Turn your phone into your manager and eliminate the mental load altogether. Add alarms to those calendar events. Set location-based notifications that remind you, when you’re passing the drugstore, to stop in. Move regular shopping trips onto Amazon Subscribe & Save.
A wave of apps has made it even easier to outsource chores like laundry and dog-walking. Depending on your budget, consider a housecleaner — but pay attention to who’s responsible for hiring, managing and paying them.
Learn the skills
Some chores end up in one person’s domain according to ability or interest. My wife loves to cook, so I never learned. Usually this works, but when she’s sick or busy, the system breaks down. On those nights I take over and handle the food delivery service order, but to really reach some kind of equity, I have to learn to cook.
Next time your partner handles their chore, ask them to teach you. On your second try, have them step back and simply advise, while you carry out the physical task yourself. At first this will slow you both down, but from then on you’ll be a more reliable “backup” — and you might discover that you’re just as interested in the chore as they were.
Transfer the resources
A lot of chores rely on access to specific resources, especially logins or files. Just because one of you provides the health insurance doesn’t mean the other can’t manage it. Sit down with your partner and exchange logins for everything that affects your household, like shared bank accounts, insurance, doctor portals, your children’s school portals or shared mobile plans. Most popular password managers provide shared vaults for all this data.
Prepare to handle phone calls for each other too. Depending on your comfort level, share identifying info and check if your doctor or accountant will let you talk to them on your partner’s behalf. (Some require a signature in advance.)
Share the login for streaming services so you can manage family playlists and queues. If you can bear the intimacy, share calendars so you can get a feel for each other’s availability and workloads.
Hold a family meeting
A lot of mental loads stay invisible until the responsible partner speaks up. Unfortunately, that often happens during a fight. Fend off conflict by regularly discussing upcoming responsibilities in a friendly, info-sharing context. Sunday evening is a great time to discuss your upcoming week and swap certain responsibilities. Even when the conversation doesn’t lead to any specific action, it builds your awareness of each other’s mental loads. Then when there’s a discrepancy to address, you’ll have much less work to do, and less chance of using your responsibilities as ammunition.
Put the kids to work
Kids should help with chores as soon as they’re able, but they often need management.
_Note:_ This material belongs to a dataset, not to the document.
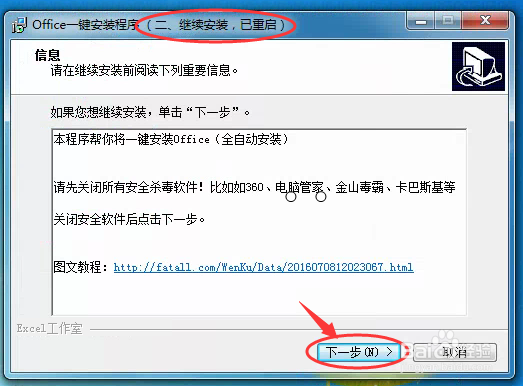 Office2016下载、安装和激活教程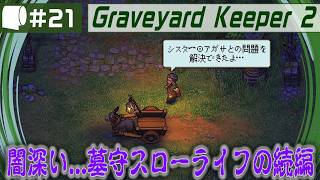 #21【 Graveyard Keeper 2 】倫理観をにっこり笑顔で窓から投げ捨てるスローライフ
Hand off some mental load by teaching them to self-manage. Lifehacker writer Beth Skwarecki asks her kids to “be the boss of cleaning the table”, telling her what to pick up while she does all the work. “They love their little power trip but I love that they’re actually paying attention to what the mess is and how to clean it.” This management-only outsourcing even helps kids learn how to cook before they’re old enough to do dangerous tasks themselves.
Prepare for major changes
The most crucial application of all these techniques is during a major life change: A job loss (or gain), an injury or having a kid. This is when unrecognised mental loads, which take more time to transfer or outsource than physical chores, blow up. The more flexible you are with your partner, and the more chores you both feel comfortable swapping, the more you can handle in a crisis.